For the string "Floral", report how many lines in the records below contain it, and nothing more.
[Input for this task Boundary: Start]
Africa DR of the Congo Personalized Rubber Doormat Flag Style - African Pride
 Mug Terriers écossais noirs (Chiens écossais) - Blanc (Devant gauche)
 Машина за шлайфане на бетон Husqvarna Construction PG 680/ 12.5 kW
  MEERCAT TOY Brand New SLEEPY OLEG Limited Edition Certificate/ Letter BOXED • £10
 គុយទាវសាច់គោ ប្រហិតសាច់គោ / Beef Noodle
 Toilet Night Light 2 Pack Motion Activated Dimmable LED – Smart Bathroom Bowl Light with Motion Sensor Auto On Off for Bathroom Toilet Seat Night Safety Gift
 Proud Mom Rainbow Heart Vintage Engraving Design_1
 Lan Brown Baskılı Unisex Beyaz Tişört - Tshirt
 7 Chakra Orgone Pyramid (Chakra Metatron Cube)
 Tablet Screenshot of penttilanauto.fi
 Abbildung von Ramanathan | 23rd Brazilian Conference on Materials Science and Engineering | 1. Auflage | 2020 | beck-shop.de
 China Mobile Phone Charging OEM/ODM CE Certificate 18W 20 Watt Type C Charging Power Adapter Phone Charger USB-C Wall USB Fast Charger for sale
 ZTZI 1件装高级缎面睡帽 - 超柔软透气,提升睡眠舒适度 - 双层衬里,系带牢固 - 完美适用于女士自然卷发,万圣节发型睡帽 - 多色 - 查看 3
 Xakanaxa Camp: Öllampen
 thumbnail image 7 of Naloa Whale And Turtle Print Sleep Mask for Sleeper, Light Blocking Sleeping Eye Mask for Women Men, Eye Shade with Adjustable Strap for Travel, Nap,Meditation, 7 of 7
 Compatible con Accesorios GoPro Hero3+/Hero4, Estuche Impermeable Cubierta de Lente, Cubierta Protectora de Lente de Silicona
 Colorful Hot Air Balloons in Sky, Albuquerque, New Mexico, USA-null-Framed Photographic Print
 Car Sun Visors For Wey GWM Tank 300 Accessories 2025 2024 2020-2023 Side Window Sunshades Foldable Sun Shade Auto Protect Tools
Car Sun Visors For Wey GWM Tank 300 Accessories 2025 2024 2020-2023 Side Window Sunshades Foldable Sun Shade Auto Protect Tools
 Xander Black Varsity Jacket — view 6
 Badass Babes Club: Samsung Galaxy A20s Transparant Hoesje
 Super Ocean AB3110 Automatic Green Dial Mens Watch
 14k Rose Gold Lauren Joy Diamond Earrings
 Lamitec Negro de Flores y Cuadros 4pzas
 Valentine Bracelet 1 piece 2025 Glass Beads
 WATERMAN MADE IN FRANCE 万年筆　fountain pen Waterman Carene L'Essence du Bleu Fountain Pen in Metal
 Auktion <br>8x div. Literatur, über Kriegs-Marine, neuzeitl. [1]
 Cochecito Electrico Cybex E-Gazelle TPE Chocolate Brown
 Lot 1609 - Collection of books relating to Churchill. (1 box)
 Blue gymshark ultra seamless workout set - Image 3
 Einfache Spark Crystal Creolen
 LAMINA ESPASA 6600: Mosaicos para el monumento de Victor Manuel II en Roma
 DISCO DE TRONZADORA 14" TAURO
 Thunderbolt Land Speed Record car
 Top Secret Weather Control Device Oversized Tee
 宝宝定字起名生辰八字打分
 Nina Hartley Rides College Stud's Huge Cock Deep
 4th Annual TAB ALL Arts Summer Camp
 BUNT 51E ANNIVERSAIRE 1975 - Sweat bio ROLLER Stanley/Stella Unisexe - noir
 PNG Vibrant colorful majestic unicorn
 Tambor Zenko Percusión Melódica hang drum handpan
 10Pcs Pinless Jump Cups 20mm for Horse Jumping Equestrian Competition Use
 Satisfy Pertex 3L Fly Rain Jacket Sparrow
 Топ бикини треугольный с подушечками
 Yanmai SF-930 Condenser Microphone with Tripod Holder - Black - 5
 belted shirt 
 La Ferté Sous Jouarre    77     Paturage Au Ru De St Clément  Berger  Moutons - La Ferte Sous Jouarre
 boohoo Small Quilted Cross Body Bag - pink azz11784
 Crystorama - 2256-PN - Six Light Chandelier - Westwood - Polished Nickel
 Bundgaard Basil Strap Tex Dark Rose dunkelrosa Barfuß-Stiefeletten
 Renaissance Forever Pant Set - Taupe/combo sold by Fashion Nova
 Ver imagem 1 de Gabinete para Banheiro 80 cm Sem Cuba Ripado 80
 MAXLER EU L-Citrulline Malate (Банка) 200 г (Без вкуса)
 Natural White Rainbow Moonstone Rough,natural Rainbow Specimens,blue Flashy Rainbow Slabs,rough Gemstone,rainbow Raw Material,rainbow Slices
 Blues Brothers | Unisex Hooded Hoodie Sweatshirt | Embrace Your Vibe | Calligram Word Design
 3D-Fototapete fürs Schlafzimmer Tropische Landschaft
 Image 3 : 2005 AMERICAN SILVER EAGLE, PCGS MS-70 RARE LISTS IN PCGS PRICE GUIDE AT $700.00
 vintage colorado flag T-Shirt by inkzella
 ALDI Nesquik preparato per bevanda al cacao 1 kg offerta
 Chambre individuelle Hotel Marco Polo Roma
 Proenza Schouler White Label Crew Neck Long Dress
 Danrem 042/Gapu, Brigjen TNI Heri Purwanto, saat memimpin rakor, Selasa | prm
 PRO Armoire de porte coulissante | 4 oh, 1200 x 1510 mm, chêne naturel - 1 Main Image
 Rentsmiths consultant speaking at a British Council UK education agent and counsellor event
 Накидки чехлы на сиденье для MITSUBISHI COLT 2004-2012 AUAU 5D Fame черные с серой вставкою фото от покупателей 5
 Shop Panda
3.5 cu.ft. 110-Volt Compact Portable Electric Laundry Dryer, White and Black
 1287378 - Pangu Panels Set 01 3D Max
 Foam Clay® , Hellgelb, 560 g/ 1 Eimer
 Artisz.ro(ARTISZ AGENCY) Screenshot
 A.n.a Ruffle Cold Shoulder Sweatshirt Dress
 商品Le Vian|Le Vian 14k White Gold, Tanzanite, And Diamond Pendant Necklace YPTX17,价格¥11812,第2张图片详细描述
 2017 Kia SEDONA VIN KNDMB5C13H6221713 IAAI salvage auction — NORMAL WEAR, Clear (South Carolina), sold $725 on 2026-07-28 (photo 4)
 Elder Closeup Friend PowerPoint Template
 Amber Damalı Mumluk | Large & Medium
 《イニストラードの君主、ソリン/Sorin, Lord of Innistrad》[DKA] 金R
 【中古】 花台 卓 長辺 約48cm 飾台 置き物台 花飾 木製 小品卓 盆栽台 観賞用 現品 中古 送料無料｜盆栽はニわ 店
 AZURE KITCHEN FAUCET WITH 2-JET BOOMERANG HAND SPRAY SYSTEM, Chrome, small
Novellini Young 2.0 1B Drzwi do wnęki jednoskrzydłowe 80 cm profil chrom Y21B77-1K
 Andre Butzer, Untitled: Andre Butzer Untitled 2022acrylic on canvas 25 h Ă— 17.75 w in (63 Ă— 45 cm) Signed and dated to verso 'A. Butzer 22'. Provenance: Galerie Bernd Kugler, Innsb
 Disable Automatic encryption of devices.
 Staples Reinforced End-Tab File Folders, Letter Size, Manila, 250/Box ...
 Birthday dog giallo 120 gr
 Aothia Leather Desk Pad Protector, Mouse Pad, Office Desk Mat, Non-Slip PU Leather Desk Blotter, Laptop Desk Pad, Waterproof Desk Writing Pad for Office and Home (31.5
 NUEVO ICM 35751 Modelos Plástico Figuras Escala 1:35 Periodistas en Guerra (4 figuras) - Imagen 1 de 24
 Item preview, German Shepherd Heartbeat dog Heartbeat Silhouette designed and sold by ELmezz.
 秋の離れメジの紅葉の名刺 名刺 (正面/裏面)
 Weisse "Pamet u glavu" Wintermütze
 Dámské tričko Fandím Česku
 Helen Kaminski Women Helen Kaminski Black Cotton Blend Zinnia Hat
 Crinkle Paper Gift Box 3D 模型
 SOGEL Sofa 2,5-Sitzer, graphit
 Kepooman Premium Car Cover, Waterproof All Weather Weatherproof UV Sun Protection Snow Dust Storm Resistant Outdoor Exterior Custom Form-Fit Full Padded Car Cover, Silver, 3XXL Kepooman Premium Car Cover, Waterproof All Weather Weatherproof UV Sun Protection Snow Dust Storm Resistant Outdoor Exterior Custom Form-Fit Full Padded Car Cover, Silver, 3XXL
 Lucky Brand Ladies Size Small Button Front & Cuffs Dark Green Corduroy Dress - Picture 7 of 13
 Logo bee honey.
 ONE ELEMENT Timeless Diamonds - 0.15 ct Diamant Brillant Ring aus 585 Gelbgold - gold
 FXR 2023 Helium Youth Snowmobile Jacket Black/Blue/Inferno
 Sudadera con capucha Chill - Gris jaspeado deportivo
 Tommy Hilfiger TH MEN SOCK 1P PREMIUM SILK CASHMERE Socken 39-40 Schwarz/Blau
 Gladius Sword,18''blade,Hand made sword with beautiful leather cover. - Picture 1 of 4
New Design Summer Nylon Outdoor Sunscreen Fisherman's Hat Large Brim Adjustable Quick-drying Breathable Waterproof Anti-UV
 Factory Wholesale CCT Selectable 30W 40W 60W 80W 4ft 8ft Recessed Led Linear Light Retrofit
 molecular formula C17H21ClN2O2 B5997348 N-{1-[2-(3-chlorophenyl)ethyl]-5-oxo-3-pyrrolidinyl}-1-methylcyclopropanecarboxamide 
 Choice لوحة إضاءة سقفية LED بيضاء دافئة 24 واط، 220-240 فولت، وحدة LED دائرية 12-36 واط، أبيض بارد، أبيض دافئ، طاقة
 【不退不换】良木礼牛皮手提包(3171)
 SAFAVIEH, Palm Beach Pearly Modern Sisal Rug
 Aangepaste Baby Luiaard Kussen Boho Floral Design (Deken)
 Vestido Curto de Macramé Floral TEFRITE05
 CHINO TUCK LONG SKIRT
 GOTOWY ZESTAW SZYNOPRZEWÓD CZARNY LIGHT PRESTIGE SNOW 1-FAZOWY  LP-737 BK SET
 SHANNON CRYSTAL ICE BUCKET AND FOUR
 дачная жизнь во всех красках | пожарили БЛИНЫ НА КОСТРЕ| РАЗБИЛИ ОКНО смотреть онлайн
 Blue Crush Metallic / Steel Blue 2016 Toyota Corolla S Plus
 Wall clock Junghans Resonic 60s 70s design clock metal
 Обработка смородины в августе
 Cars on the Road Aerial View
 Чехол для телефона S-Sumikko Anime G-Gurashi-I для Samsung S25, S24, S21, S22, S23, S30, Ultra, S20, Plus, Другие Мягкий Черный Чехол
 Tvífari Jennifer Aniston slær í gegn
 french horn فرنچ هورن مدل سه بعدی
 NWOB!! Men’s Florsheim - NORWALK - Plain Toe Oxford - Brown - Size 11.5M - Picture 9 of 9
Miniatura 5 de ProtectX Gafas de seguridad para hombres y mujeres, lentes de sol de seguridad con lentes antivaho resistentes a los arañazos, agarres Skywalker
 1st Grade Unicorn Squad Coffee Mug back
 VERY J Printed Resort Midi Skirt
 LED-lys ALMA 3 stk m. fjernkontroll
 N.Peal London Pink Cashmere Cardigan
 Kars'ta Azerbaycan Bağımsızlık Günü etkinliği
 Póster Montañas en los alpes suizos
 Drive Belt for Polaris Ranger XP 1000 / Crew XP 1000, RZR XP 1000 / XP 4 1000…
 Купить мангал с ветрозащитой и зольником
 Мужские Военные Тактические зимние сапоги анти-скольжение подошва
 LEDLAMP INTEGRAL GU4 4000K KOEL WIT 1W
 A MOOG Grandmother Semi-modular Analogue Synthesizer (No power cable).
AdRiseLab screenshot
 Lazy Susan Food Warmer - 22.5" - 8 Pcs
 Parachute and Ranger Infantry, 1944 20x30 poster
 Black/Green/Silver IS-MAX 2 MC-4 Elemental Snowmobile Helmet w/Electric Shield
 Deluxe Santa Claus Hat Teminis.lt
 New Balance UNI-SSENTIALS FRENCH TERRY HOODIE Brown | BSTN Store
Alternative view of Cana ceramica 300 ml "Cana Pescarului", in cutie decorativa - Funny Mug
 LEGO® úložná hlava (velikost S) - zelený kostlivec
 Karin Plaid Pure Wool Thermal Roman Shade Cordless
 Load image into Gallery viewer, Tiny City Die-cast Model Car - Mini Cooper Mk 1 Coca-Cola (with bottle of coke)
[Input for this task Boundary: End]
* **Answer to this exercise**: 2